• Directions
Copy the data as given. No line may be skipped.

(Collected data)

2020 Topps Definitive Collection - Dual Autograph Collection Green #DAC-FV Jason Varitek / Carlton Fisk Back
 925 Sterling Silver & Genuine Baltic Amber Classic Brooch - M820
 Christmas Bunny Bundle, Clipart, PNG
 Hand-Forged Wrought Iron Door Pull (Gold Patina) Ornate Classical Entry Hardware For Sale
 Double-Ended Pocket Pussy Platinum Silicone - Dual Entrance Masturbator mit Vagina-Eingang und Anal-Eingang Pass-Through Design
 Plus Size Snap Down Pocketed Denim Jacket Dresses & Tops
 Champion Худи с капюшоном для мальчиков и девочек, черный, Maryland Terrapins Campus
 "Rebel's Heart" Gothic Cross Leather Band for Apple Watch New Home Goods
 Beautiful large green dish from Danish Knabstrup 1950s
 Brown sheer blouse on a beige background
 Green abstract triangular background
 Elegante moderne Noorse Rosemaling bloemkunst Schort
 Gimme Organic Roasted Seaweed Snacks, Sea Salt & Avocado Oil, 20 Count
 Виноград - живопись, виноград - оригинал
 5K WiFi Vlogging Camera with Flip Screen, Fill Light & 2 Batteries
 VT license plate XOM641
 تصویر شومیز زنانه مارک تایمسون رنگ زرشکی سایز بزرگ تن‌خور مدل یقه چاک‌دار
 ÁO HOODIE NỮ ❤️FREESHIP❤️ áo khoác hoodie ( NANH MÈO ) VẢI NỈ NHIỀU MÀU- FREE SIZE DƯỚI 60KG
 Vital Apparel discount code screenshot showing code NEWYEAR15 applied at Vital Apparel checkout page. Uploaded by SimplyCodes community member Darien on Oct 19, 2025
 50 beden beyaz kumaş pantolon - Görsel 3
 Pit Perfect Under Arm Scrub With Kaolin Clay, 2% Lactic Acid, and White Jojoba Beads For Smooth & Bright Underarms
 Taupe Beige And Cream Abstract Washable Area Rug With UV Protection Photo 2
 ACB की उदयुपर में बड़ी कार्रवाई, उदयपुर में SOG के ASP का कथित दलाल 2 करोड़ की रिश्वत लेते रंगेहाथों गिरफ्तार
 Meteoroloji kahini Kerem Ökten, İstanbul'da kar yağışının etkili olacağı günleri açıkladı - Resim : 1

• Response to this task
2020 Topps Definitive Collection - Dual Autograph Collection Green #DAC-FV Jason Varitek / Carlton Fisk Back
 925 Sterling Silver & Genuine Baltic Amber Classic Brooch - M820
 Christmas Bunny Bundle, Clipart, PNG
 Hand-Forged Wrought Iron Door Pull (Gold Patina) Ornate Classical Entry Hardware For Sale
 Double-Ended Pocket Pussy Platinum Silicone - Dual Entrance Masturbator mit Vagina-Eingang und Anal-Eingang Pass-Through Design
 Plus Size Snap Down Pocketed Denim Jacket Dresses & Tops
 Champion Худи с капюшоном для мальчиков и девочек, черный, Maryland Terrapins Campus
 "Rebel's Heart" Gothic Cross Leather Band for Apple Watch New Home Goods
 Beautiful large green dish from Danish Knabstrup 1950s
 Brown sheer blouse on a beige background
 Green abstract triangular background
 Elegante moderne Noorse Rosemaling bloemkunst Schort
 Gimme Organic Roasted Seaweed Snacks, Sea Salt & Avocado Oil, 20 Count
 Виноград - живопись, виноград - оригинал
 5K WiFi Vlogging Camera with Flip Screen, Fill Light & 2 Batteries
 VT license plate XOM641
 تصویر شومیز زنانه مارک تایمسون رنگ زرشکی سایز بزرگ تن‌خور مدل یقه چاک‌دار
 ÁO HOODIE NỮ ❤️FREESHIP❤️ áo khoác hoodie ( NANH MÈO ) VẢI NỈ NHIỀU MÀU- FREE SIZE DƯỚI 60KG
 Vital Apparel discount code screenshot showing code NEWYEAR15 applied at Vital Apparel checkout page. Uploaded by SimplyCodes community member Darien on Oct 19, 2025
 50 beden beyaz kumaş pantolon - Görsel 3
 Pit Perfect Under Arm Scrub With Kaolin Clay, 2% Lactic Acid, and White Jojoba Beads For Smooth & Bright Underarms
 Taupe Beige And Cream Abstract Washable Area Rug With UV Protection Photo 2
 ACB की उदयुपर में बड़ी कार्रवाई, उदयपुर में SOG के ASP का कथित दलाल 2 करोड़ की रिश्वत लेते रंगेहाथों गिरफ्तार
 Meteoroloji kahini Kerem Ökten, İstanbul'da kar yağışının etkili olacağı günleri açıkladı - Resim : 1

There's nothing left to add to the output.